Nano-Micro Letters ( IF 31.6 ) Pub Date : 2024-11-13 , DOI: 10.1007/s40820-024-01550-x Shuai Zhong, Lirou Su, Mingkun Xu, Desmond Loke, Bin Yu, Yishu Zhang, Rong Zhao
Spike-based neural networks, which use spikes or action potentials to represent information, have gained a lot of attention because of their high energy efficiency and low power consumption. To fully leverage its advantages, converting the external analog signals to spikes is an essential prerequisite. Conventional approaches including analog-to-digital converters or ring oscillators, and sensors suffer from high power and area costs.

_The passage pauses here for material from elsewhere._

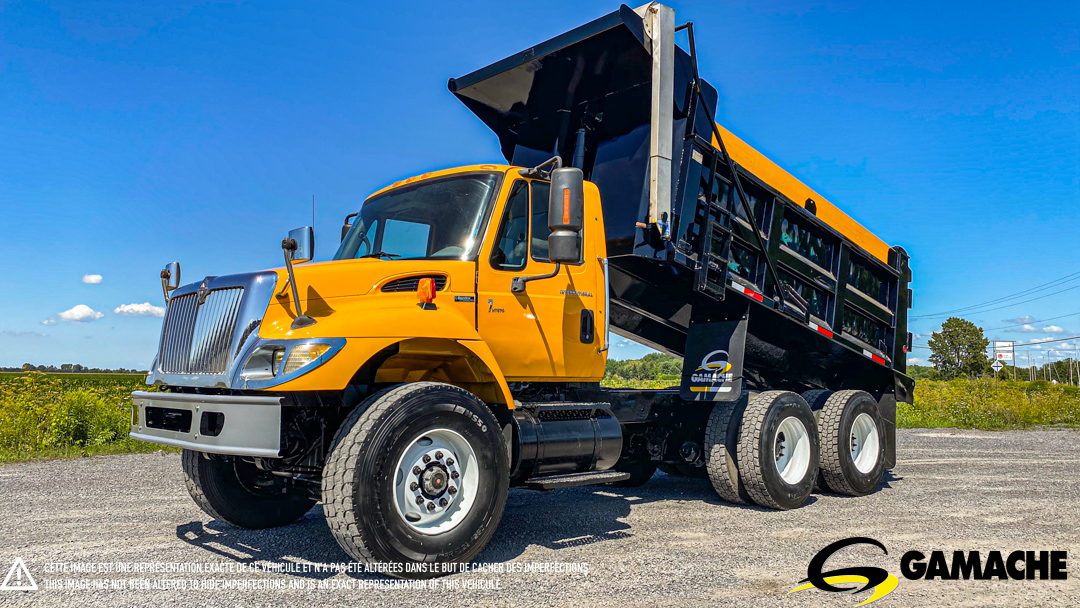 INTERNATIONAL 7500  TANDEM AXLE DUMP TRUCK 2005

Recent efforts are devoted to constructing artificial sensory neurons based on emerging devices inspired by the biological sensory system. They can simultaneously perform sensing and spike conversion, overcoming the deficiencies of traditional sensory systems. This review summarizes and benchmarks the recent progress of artificial sensory neurons. It starts with the presentation of various mechanisms of biological signal transduction, followed by the systematic introduction of the emerging devices employed for artificial sensory neurons. Furthermore, the implementations with different perceptual capabilities are briefly outlined and the key metrics and potential applications are also provided. Finally, we highlight the challenges and perspectives for the future development of artificial sensory neurons.
中文翻译:
人工感觉神经元的最新进展:生物学基础、设备、应用和挑战
基于尖峰的神经网络使用尖峰或动作电位来表示信息,因其高能效和低功耗而受到广泛关注。为了充分利用其优势,将外部模拟信号转换为尖峰信号是必不可少的先决条件。包括模数转换器或环形振荡器以及传感器在内的传统方法存在高功率和面积成本高的问题。最近的努力致力于基于受生物感觉系统启发的新兴设备构建人工感觉神经元。它们可以同时进行传感和尖峰转换,克服了传统传感系统的不足。本文总结并基准了人工感觉神经元的最新进展。它首先介绍了生物信号转导的各种机制,然后系统地介绍了用于人工感觉神经元的新兴设备。此外,简要概述了具有不同感知能力的实现,并提供了关键指标和潜在应用。最后,我们强调了人工感觉神经元未来发展的挑战和前景。